- [PROBLEM REQUIREMENTS]
Copy all data exactly. Skip pictures.

- [DATA SECTION]
━━━

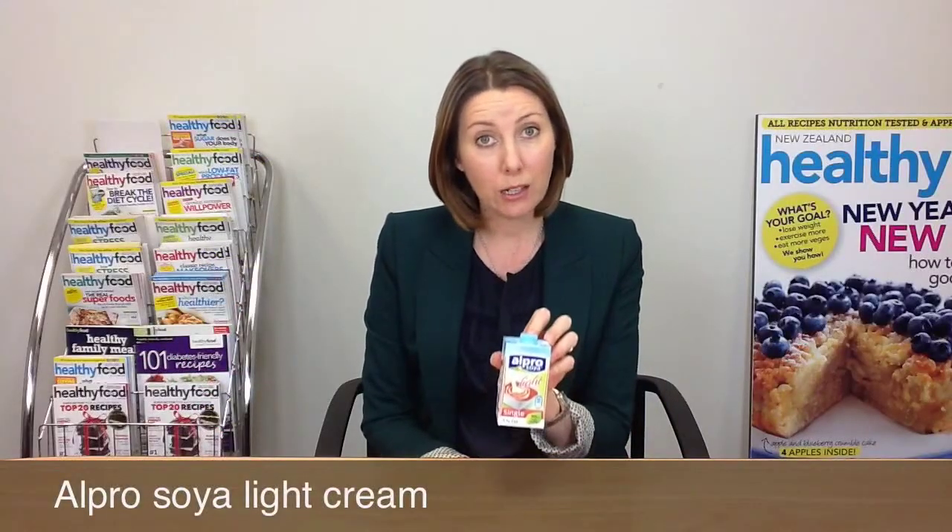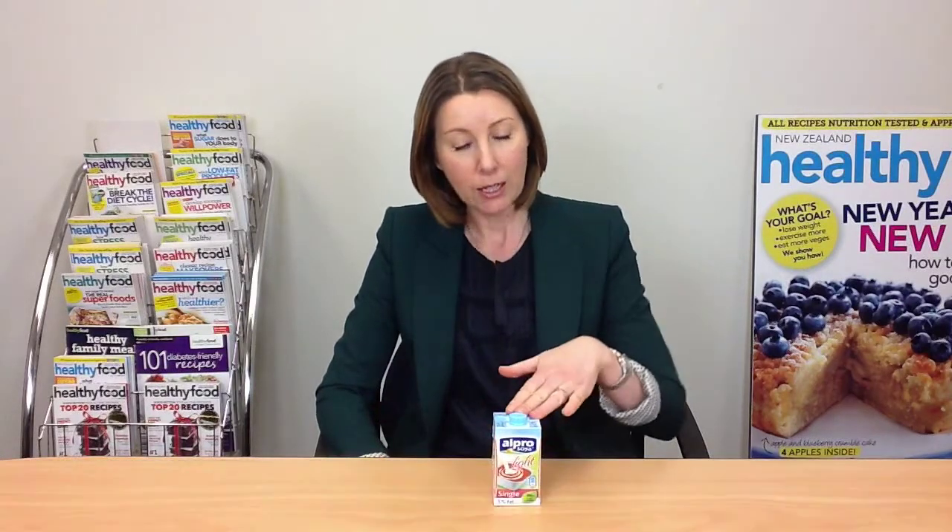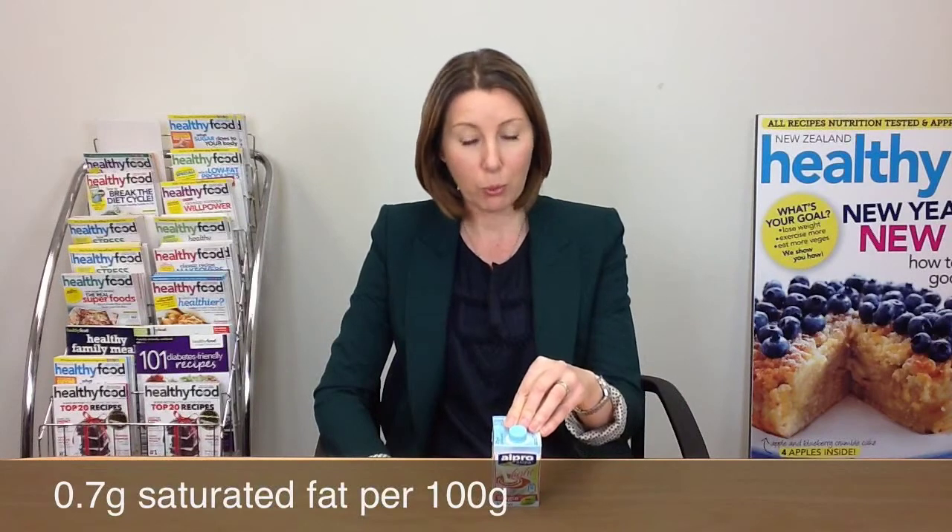Our first product for this week is this Elpro Soy Cream, the light version. This is a cream for people who can't have dairy — it's a non-dairy cream product. Being light, it's actually really good in terms of what we look at in cream, which is mainly saturated fat. There's only 0.7 grams of saturated fat per 100 grams and 298 kilojoules, which is a lot less than you'd get with a dairy cream, and it's obviously good for people who cannot have dairy.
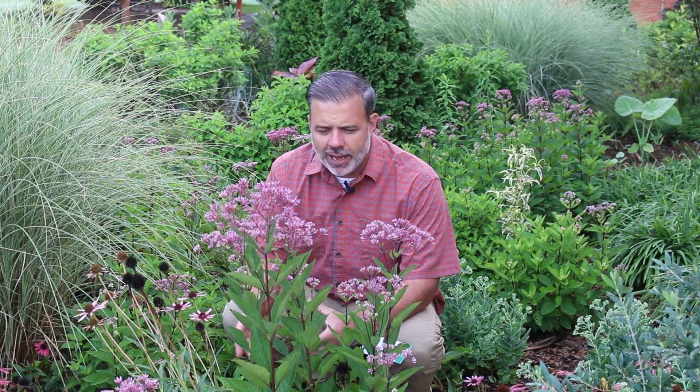Pye is spelled P-Y-E and that actually means like a mangy dog. But it's not really a plant that we consider a weed.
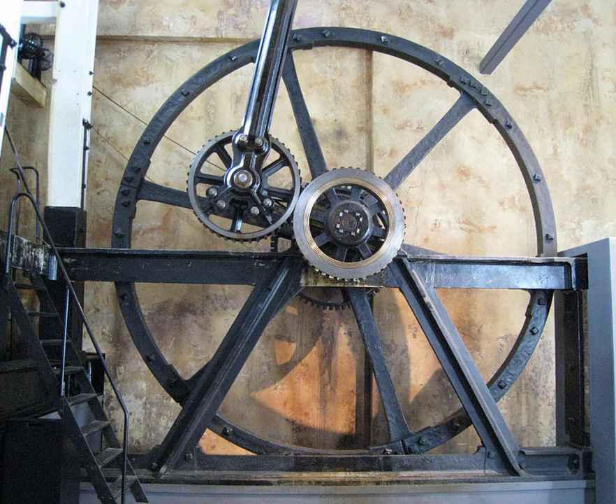The Sun and Planet gear is a method of converting reciprocating motion to rotary motion and was used in the first rotative beam engines. It was invented by the Scottish engineer William Murdoch, an employee of Boulton & Watt, but was patented by James Watt in October 1781. It was invented to bypass the patent on the crank, already held by James Picard. It played an important part in the development of devices for rotation in the Industrial Revolution.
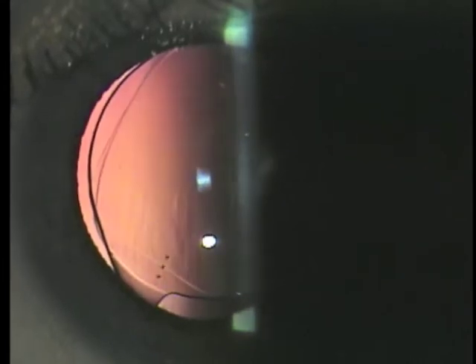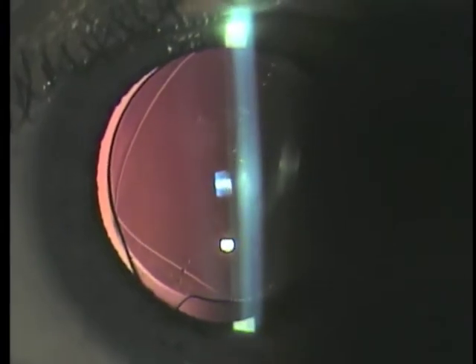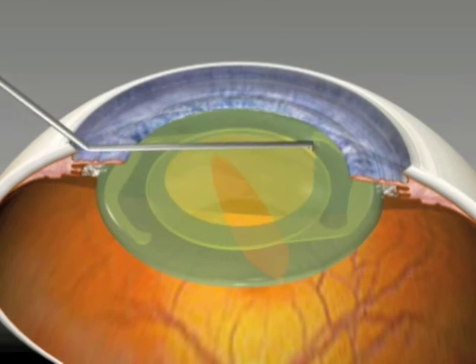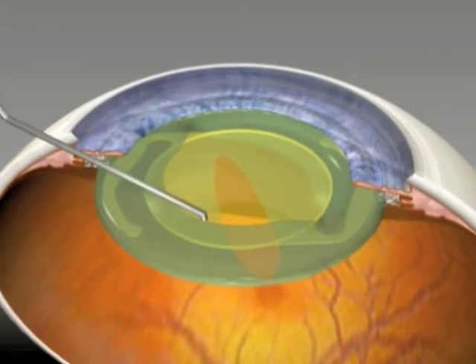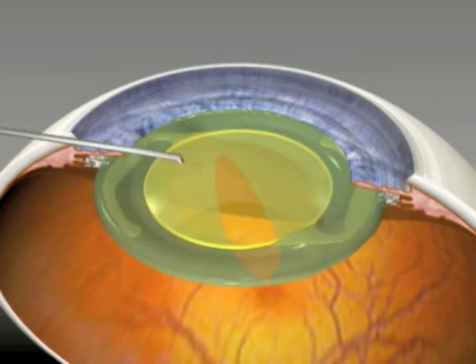You can see the configuration of the anterior CCC as it's capturing the optic. It's hard to know whether the optic is in front or behind, but just realize that in this case the haptics are in the bag and the optic is pulled out, as shown in this animation.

━━━

- [SOLUTION FOR THIS EXERCISE]
Our first product for this week is this Elpro Soy Cream, the light version. This is a cream for people who can't have dairy — it's a non-dairy cream product. Being light, it's actually really good in terms of what we look at in cream, which is mainly saturated fat. There's only 0.7 grams of saturated fat per 100 grams and 298 kilojoules, which is a lot less than you'd get with a dairy cream, and it's obviously good for people who cannot have dairy.
Pye is spelled P-Y-E and that actually means like a mangy dog. But it's not really a plant that we consider a weed.
The Sun and Planet gear is a method of converting reciprocating motion to rotary motion and was used in the first rotative beam engines. It was invented by the Scottish engineer William Murdoch, an employee of Boulton & Watt, but was patented by James Watt in October 1781. It was invented to bypass the patent on the crank, already held by James Picard. It played an important part in the development of devices for rotation in the Industrial Revolution.
You can see the configuration of the anterior CCC as it's capturing the optic. It's hard to know whether the optic is in front or behind, but just realize that in this case the haptics are in the bag and the optic is pulled out, as shown in this animation.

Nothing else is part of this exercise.